The banks may have to pay out that sum if investors, such as pension funds, decline to buy the banks' latest debt issues which are now due for renewal.

Analysts say investors are reluctant to buy the new debt until the full impact of the US home loans crisis is known.

With fewer buyers for the debt, banks may have to refinance it themselves.

Banks' cash flow

Officially called "commercial paper", banks use the issuing of such short-term debt to help boost their day-to-day working funds or cash flow.

Many of the loans that are due to mature have been financed for three months or less.

Institutional investors, such as pension or insurance funds, are usually happy to buy the commercial papers, as the banks then pay them interest, and they are traditionally seen as very safe investments.

However, all this has now changed since the start of the ongoing crisis in the US sub-prime mortgage sector, which specialises in higher risk loans to people with poor credit histories or those on low incomes.

As US mortgage rates have risen sharply over the past year, it has led to record levels of loan defaults and home repossessions.

Unknown sub-prime exposure

This crisis has spread across the Atlantic, as US sub-prime loans are often combined with other debts and then resold around the world.

Investors are therefore said to be much less willing to buy the latest commercial papers of European banks until the full extent of their possible exposure to the US sub-prime market is known.

Analysts say this is why UK and other European banks have been stockpiling cash to pay for any commercial paper renewals they cannot sell.

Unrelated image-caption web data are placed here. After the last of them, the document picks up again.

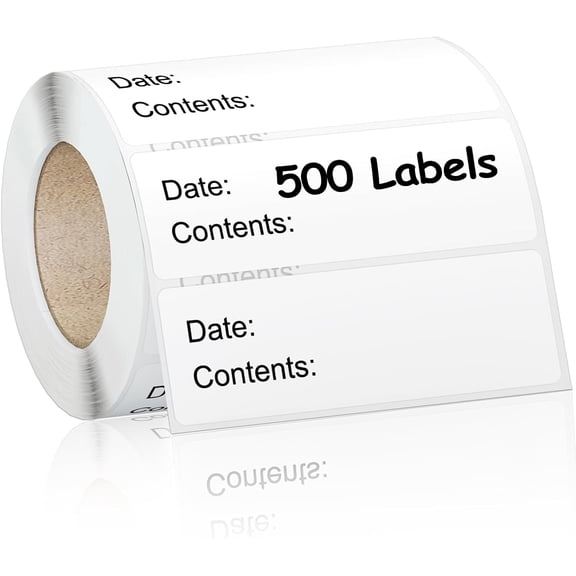 Kingtac 500pcs Food Freezer Labels, 1 x 3 Inch Removable for Food Containers, Mason Jar, No Residue Food Storage Labels Perfect for Kitchen Cannot be Torn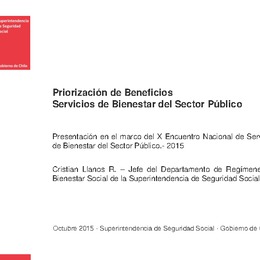 Priorización de Beneficios, Servicios de Bienestar del Sector Público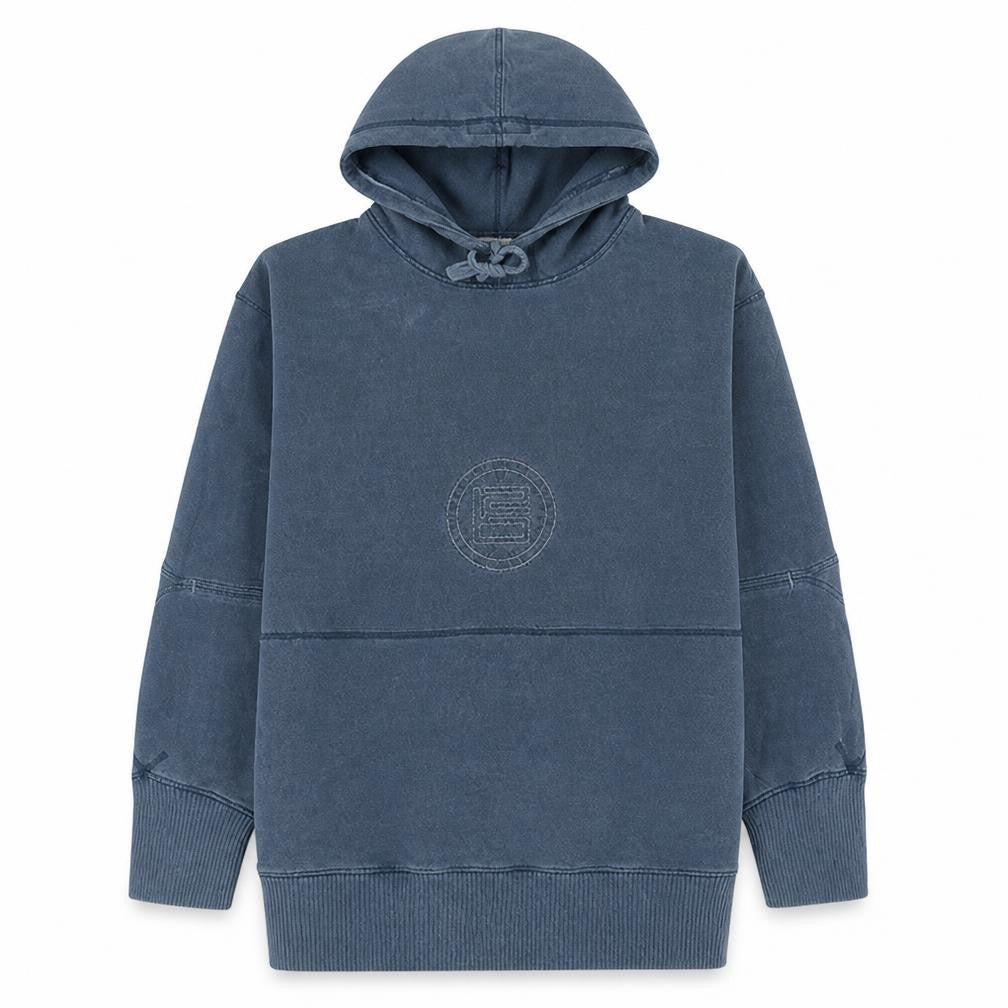 Front view of Nike Men's Blue XL Pullover Hoodie – Embroidered Logo Jersey Sweatshirt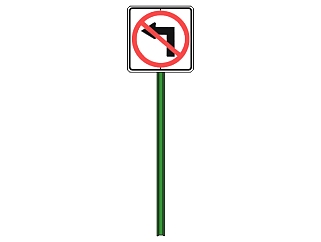 现代禁止左转道路交通标志牌su模型下载、禁止左转道路交通标志牌草图大师模型下载
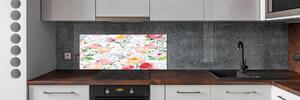 Skleněný panel do kuchyně Máky pksh-102800353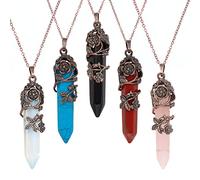 NBEADS 10 pz Kit per La Realizzazione di Ciondoli in Pietre Preziose, Include 5 Ciondolo A Punta di Proiettile Colorato e 5 Catene Portacavi in Ottone per La Creazione di Gioielli con Collane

The further knock-on effect of this, means that banks are less willing to lend money to other lenders or businesses, as they need to reserve cash to cover their own debt obligations, exacerbating the ongoing lack of credit in global markets.

This means that businesses both large and small currently face much higher interest rates if they want a bank loan.

An unnamed boss of one of the UK's largest banks told the Sunday Times at the weekend that conditions in the money markets were the worst for 20 years.